··· Available data ···

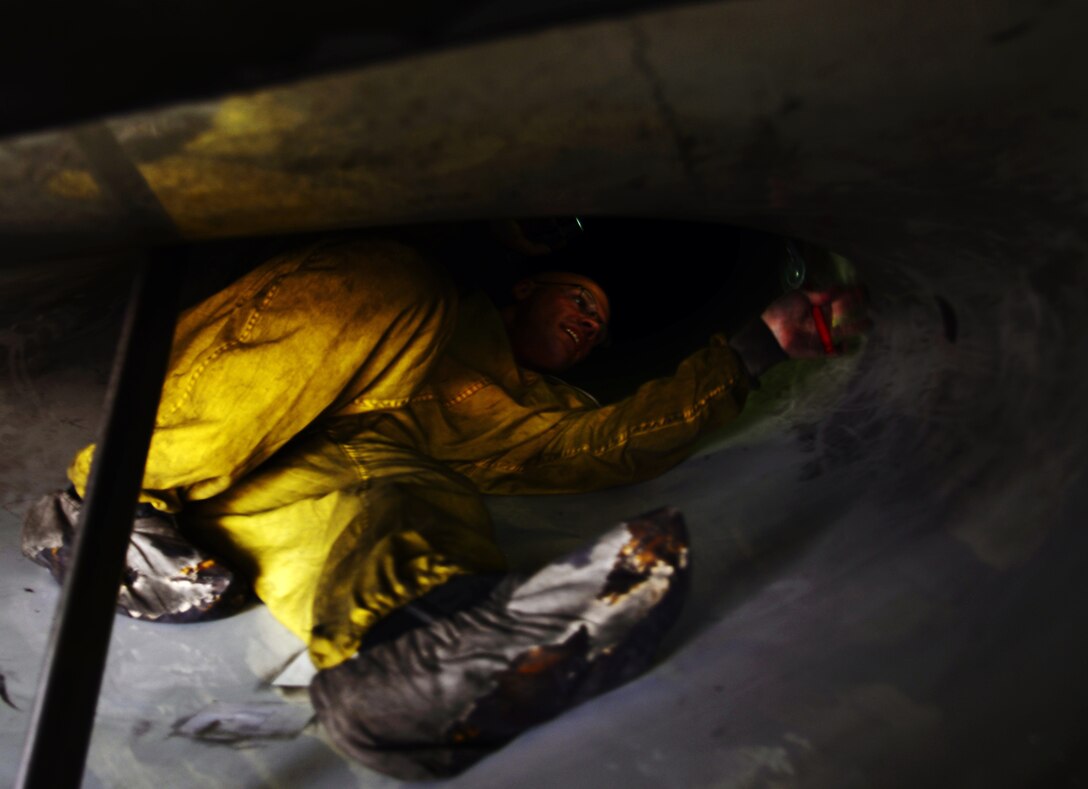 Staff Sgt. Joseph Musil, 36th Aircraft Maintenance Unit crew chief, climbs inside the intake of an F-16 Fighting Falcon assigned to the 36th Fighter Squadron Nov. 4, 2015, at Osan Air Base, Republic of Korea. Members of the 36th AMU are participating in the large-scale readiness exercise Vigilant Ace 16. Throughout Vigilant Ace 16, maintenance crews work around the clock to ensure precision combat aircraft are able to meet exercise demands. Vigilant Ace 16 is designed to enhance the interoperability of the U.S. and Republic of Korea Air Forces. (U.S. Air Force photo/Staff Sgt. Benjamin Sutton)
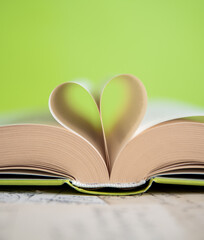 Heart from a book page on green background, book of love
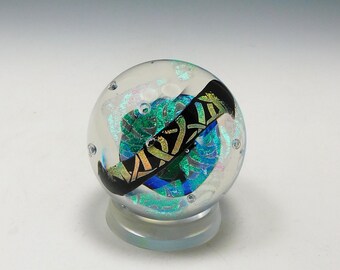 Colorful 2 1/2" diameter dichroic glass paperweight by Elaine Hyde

···
··· Available data ···

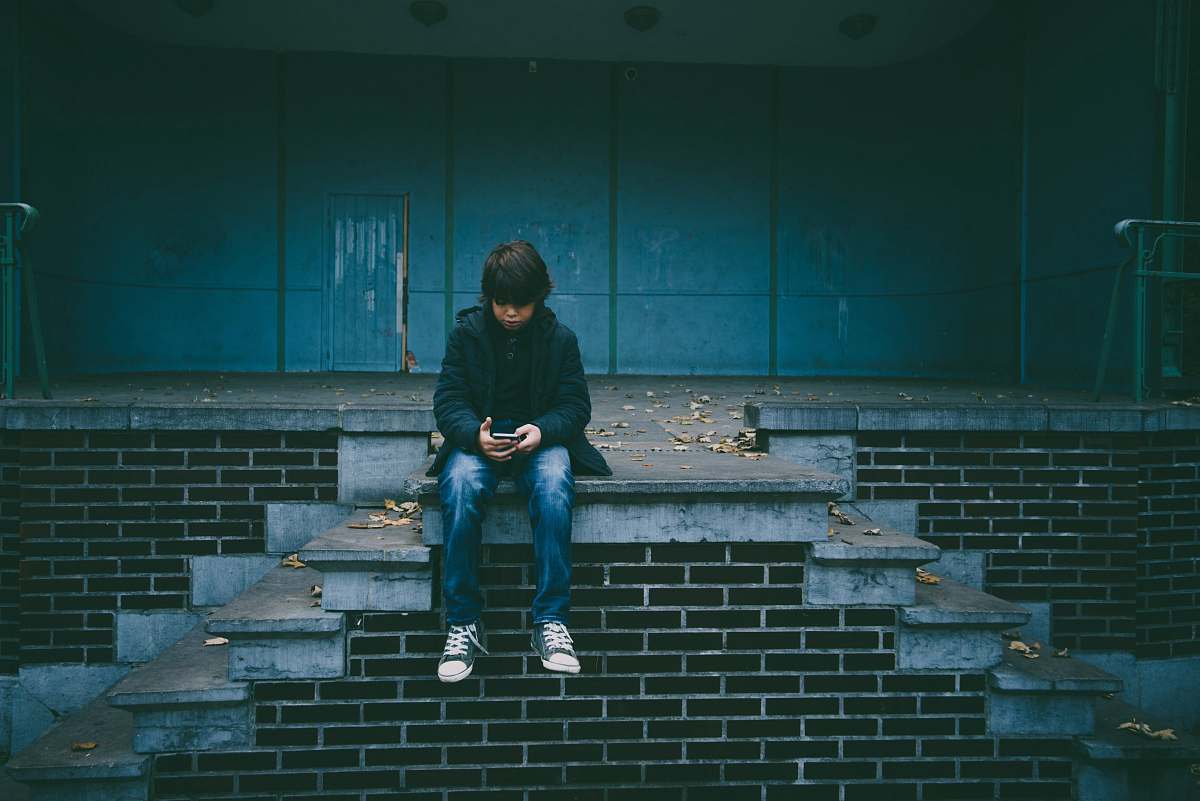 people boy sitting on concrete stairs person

···

- How to complete this task -
Only the lines above from the one containing "Staff Sgt. Joseph" through the one containing "by Elaine Hyde" should be returned, verbatim and inclusive, with pictures excluded.

- Task output -
 Staff Sgt. Joseph Musil, 36th Aircraft Maintenance Unit crew chief, climbs inside the intake of an F-16 Fighting Falcon assigned to the 36th Fighter Squadron Nov. 4, 2015, at Osan Air Base, Republic of Korea. Members of the 36th AMU are participating in the large-scale readiness exercise Vigilant Ace 16. Throughout Vigilant Ace 16, maintenance crews work around the clock to ensure precision combat aircraft are able to meet exercise demands. Vigilant Ace 16 is designed to enhance the interoperability of the U.S. and Republic of Korea Air Forces. (U.S. Air Force photo/Staff Sgt. Benjamin Sutton)
 Heart from a book page on green background, book of love
 Colorful 2 1/2" diameter dichroic glass paperweight by Elaine Hyde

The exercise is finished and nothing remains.